Apr 16, 2015 · 2 minutes

Companies are finally starting to realize that allowing Facebook to control who can access the Internet, and how those connections will work, isn't a good idea.

The [Indian] Times Group, Cleartrip, and several other Indian companies announced today that they're stepping back from the Internet.org initiative because they want to support net neutrality more than they want a Facebook-controlled Web.

The Huffington Post's India site has collected statements from each company. Cleartrip has severed all ties with Internet.org; the Times Group has committed to doing the same if its competitors also pull their support from the initiative. (What, like a large company like that will give the competition an upper hand?)

Internet.org is currently experimenting with several methods of providing Internet access to people in remote areas, or to people who can't afford the connections available to them. Its most high-profile endeavor is a plan to use autonomous, solar-powered drones to deliver these Internet connections.

It's an admirable goal. It also places Facebook in a position where it's able to control exactly how these new consumers will access the Web, and unless the company starts hating money, it has no incentive to do so without undermining the idea that Internet service providers should treat every website the same.

I actually wrote something about this a year-and-a-half-ago, with the only difference being that I was writing about another Internet provider (GoSmart) offering free Facebook access. As I explained when that deal was announced:

Allowing free access to Facebook and its messaging service on a small prepaid network isn’t as large a threat to net neutrality as some of the things large Internet service providers might do. But this doesn’t mean that giving Facebook preferential treatment shouldn’t be frowned upon.

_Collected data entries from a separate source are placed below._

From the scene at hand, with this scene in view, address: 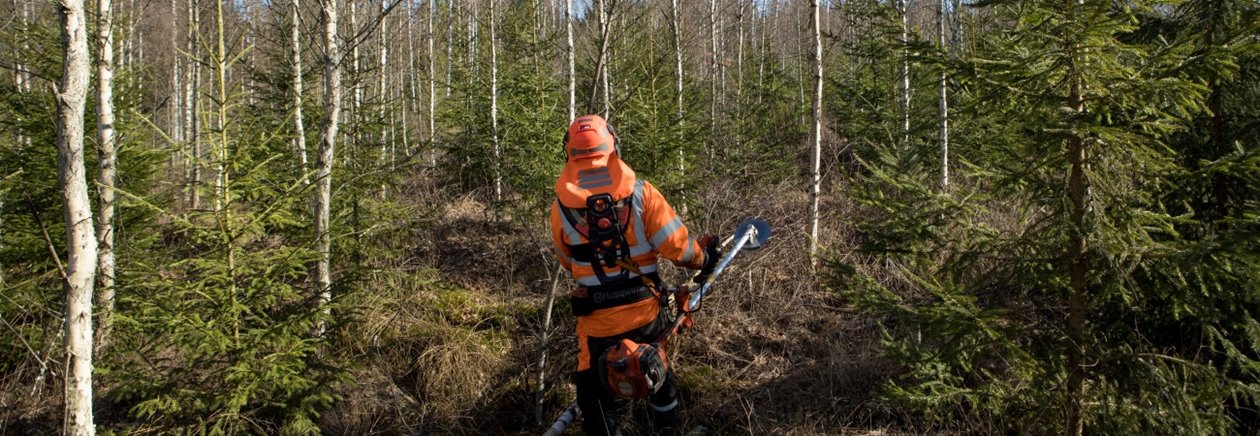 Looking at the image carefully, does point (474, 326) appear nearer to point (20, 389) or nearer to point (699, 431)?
point (699, 431)

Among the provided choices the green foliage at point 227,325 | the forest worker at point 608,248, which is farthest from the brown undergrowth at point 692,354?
the forest worker at point 608,248

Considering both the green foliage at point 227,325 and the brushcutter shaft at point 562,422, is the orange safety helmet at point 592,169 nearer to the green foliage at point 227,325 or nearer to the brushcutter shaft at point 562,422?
the brushcutter shaft at point 562,422

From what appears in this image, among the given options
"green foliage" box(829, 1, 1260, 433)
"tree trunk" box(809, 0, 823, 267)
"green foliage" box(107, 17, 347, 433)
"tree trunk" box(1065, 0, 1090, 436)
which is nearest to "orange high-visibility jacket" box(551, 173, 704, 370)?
"green foliage" box(829, 1, 1260, 433)

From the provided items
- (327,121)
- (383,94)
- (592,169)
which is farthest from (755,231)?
(383,94)

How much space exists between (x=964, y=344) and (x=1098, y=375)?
0.61 metres

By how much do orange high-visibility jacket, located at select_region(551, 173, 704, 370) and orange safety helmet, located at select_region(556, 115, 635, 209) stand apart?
0.18 ft

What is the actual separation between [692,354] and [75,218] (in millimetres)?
4307

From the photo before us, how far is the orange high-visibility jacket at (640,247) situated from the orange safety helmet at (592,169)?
0.06 m

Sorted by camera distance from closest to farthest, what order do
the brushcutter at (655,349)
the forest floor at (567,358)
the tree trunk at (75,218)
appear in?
the tree trunk at (75,218), the brushcutter at (655,349), the forest floor at (567,358)

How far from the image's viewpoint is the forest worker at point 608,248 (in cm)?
377

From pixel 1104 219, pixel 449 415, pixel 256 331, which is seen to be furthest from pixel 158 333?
pixel 1104 219

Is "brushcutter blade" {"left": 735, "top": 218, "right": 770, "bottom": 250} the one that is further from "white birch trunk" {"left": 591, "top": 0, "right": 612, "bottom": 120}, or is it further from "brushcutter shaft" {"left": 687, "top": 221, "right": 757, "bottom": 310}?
"white birch trunk" {"left": 591, "top": 0, "right": 612, "bottom": 120}

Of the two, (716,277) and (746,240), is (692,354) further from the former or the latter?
(746,240)

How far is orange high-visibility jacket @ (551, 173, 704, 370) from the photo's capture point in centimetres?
379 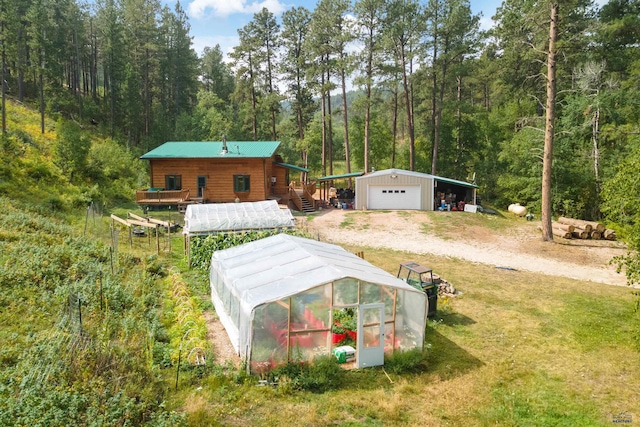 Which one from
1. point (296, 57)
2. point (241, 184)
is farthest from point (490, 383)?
point (296, 57)

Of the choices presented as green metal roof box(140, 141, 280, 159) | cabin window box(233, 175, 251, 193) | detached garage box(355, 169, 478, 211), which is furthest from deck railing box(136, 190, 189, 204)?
detached garage box(355, 169, 478, 211)

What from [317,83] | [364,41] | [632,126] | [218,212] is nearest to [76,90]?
[317,83]

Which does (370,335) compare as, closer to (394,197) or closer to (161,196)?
(394,197)

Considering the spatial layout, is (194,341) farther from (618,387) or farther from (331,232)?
(331,232)

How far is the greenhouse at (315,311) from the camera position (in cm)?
731

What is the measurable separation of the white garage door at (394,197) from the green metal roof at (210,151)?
737 cm

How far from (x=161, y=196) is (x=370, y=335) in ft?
65.9

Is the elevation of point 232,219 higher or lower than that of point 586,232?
higher

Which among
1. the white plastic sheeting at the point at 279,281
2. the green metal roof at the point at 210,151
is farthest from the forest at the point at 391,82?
the white plastic sheeting at the point at 279,281

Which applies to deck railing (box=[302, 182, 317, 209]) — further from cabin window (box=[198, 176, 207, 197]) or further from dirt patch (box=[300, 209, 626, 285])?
cabin window (box=[198, 176, 207, 197])

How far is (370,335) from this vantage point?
7949mm

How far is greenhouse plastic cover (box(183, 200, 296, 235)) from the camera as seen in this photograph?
1558 cm

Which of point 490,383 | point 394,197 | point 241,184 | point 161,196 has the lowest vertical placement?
point 490,383

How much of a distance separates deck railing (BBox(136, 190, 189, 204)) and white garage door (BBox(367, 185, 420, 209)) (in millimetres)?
12008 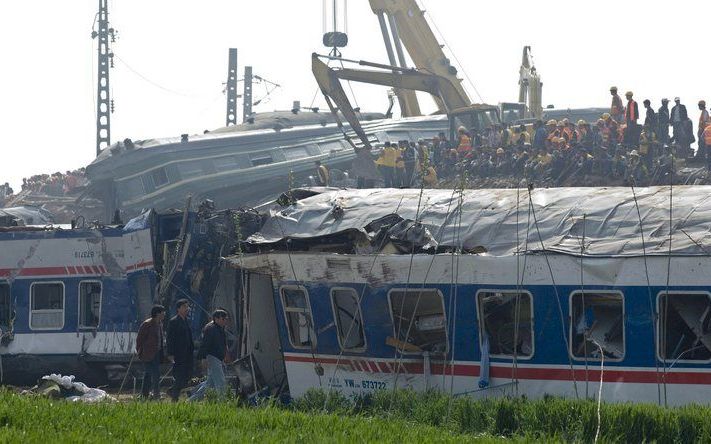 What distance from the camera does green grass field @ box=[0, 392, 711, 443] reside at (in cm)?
1229

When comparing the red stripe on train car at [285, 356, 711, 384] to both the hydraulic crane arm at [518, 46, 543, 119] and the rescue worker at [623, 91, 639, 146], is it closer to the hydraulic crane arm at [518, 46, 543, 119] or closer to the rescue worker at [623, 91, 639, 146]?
the rescue worker at [623, 91, 639, 146]

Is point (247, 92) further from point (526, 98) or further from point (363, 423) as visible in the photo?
point (363, 423)

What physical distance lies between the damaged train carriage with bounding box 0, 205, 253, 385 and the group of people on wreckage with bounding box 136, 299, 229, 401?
2.02 m

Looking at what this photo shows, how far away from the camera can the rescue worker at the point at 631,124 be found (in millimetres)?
31498

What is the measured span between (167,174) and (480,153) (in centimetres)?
1191

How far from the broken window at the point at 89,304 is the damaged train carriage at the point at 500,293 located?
4495 mm

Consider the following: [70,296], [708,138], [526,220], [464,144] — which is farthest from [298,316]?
[464,144]

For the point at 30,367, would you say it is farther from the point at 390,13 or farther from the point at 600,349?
the point at 390,13

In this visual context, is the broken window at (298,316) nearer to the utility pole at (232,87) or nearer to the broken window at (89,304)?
the broken window at (89,304)

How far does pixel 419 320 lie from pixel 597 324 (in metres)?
2.41

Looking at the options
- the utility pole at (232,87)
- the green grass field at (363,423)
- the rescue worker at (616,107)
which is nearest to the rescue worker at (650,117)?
the rescue worker at (616,107)

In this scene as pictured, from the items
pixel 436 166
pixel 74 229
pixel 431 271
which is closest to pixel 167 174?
pixel 436 166

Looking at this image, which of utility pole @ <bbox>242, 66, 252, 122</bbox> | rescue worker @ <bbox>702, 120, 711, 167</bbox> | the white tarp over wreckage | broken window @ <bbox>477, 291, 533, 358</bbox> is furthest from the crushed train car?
A: utility pole @ <bbox>242, 66, 252, 122</bbox>

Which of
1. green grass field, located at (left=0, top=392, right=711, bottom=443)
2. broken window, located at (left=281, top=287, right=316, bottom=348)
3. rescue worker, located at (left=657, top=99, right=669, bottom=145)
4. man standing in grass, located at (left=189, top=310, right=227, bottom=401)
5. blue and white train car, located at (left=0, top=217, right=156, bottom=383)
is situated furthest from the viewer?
rescue worker, located at (left=657, top=99, right=669, bottom=145) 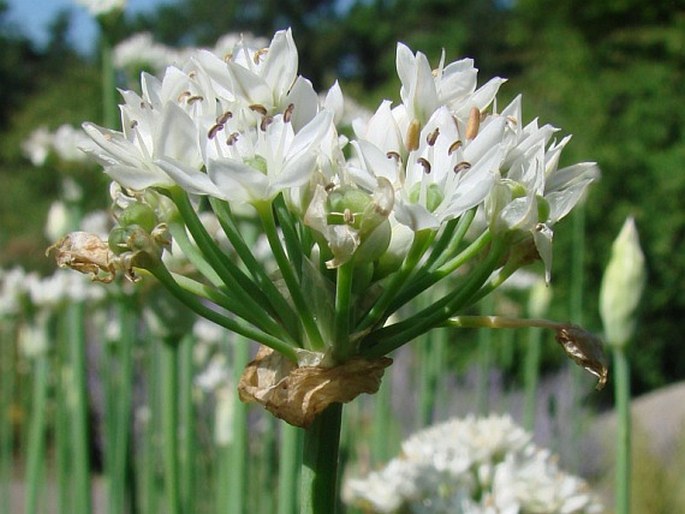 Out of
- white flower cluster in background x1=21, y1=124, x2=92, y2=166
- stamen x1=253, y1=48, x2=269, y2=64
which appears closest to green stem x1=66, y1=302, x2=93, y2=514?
white flower cluster in background x1=21, y1=124, x2=92, y2=166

What is the difference between charging consumers extra to access one website and allowing them to access a specific service at no cost? Someone is giving consumers a reason to access one website instead of another either way. Both approaches give preferential treatment to one service over the competition. The underlying principle — that a byte from one website should cost more or less than a byte from another website — is the same. Cleartrip, the Times Group, and the other companies that rescinded their support for Internet.org -- whether completely or only tentatively -- seem to have had the same realization. Charging more access to some sites isn't the only threat to net neutrality; giving access to other sites is equally worrisome.

As Cleartrip explains in its announcement:

[T]he recent debate around #NetNeutrality gave us pause to rethink our approach to Internet.org and the idea of large corporations getting involved with picking and choosing who gets access to what and how fast. What started off with providing a simple search service has us now concerned with influencing customer decision-making by forcing options on them, something that is against our core DNA.

So while our original intent was noble, it is impossible to pretend there is no conflict of interest (both real and perceived) in our decision to be a participant in Internet.org. In light of this, Cleartrip has withdrawn our association with and participation in Internet.org entirely. A free Internet is a free Internet, and the consensus appears to be that Internet.org, despite its best intentions, could very well undermine that.